Relationship to PSM view: A feature aggregates one or more PSMs into a single quantified peptide entry. The scan and id_run_file_name fields link back to the best PSM that identified the feature. In DDA-LFQ workflows, both views may exist; in DIA workflows, only the feature view is typically generated.

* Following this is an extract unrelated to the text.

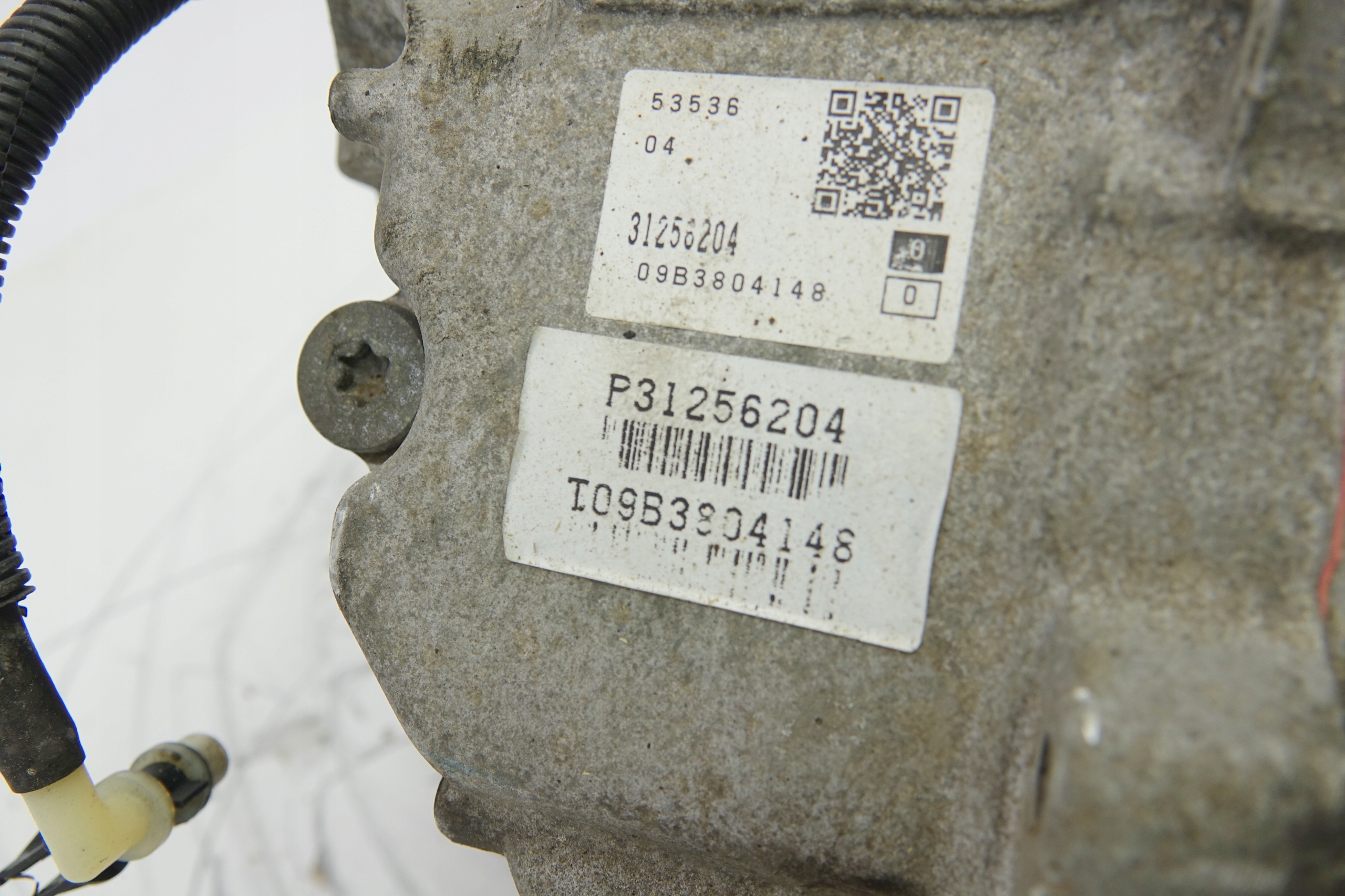 Getriebe AUTOMAT VOLVO V70 III 2.5 31256204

Relationship to protein group view: The feature view contains protein group mappings (pg_accessions, anchor_protein) and peptide positions (pg_positions) that connect each peptide to its inferred protein groups. Gene annotations, unique peptide indicators, and protein-level scores are stored in the Protein Group View. The PG view provides the complete protein-level perspective with aggregated intensities and peptide counts.
Intensities vs additional_intensities: Use intensities for raw/primary measurements across experimental labels (TMT/iTRAQ tags or LFQ). Use additional_intensities for values pre-computed by the upstream tool (e.g., normalized intensities, LFQ, iBAQ). QPX reads these from the tool's output — it does not compute them. This separation keeps experimental design aspects distinct from data processing aspects.
Protein group accessions: The pg_accessions field should contain all proteins within a protein group. The anchor_protein is the representative protein selected by the search engine or inference algorithm to represent the group. The pg_positions field maps the peptide's start and end coordinates within each protein in the group.